Required work. Without the pictures, copy all of the data exactly.
————————
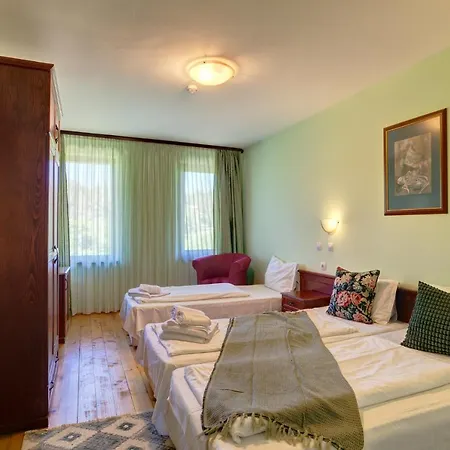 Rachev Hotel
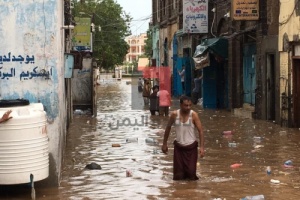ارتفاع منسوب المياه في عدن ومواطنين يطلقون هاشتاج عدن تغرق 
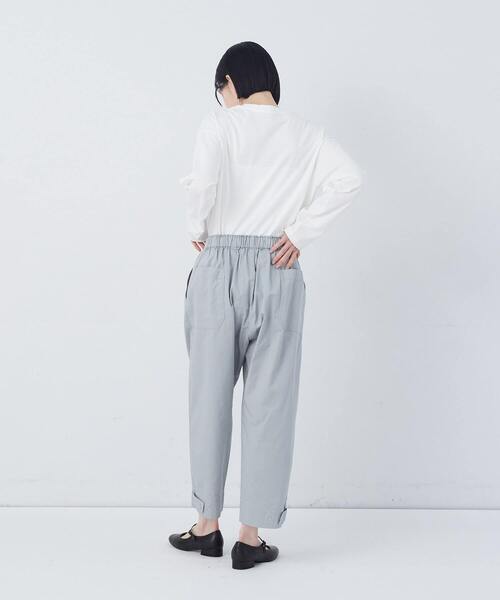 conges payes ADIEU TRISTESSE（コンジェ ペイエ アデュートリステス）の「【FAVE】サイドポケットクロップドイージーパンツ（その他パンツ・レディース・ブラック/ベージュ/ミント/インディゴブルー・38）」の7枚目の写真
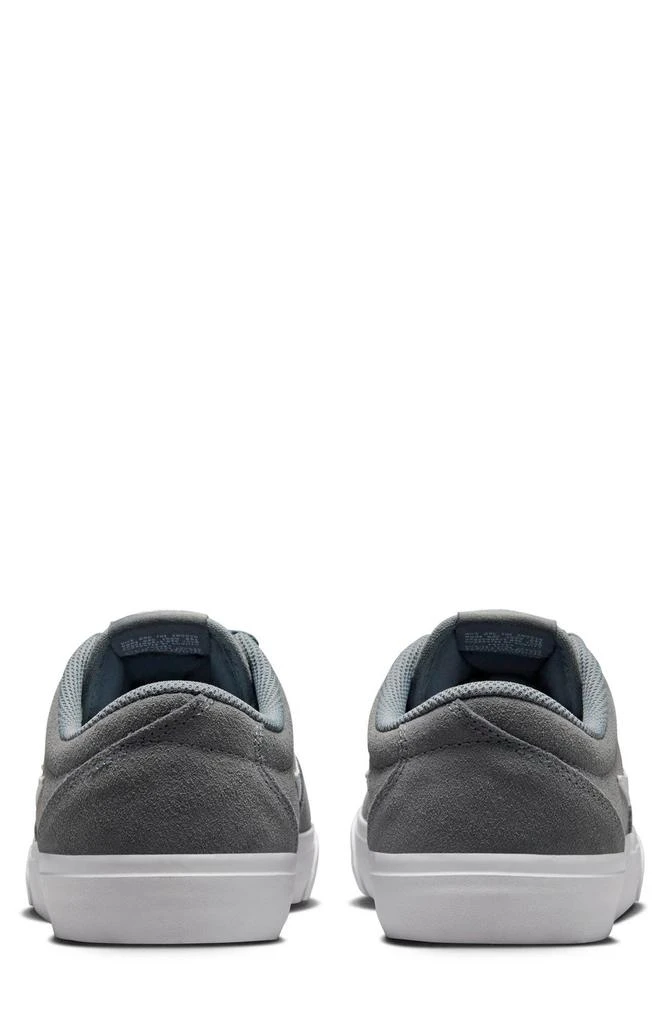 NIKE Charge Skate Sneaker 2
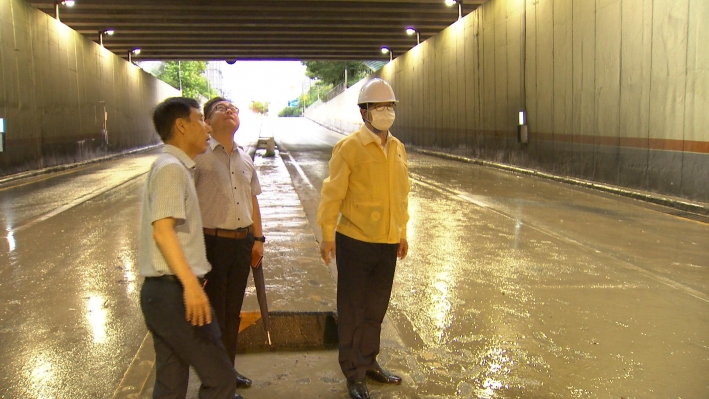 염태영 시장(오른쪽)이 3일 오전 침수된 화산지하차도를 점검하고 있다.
————————
Exercise output.
 Rachev Hotel
ارتفاع منسوب المياه في عدن ومواطنين يطلقون هاشتاج عدن تغرق 
 conges payes ADIEU TRISTESSE（コンジェ ペイエ アデュートリステス）の「【FAVE】サイドポケットクロップドイージーパンツ（その他パンツ・レディース・ブラック/ベージュ/ミント/インディゴブルー・38）」の7枚目の写真
 NIKE Charge Skate Sneaker 2
 염태영 시장(오른쪽)이 3일 오전 침수된 화산지하차도를 점검하고 있다.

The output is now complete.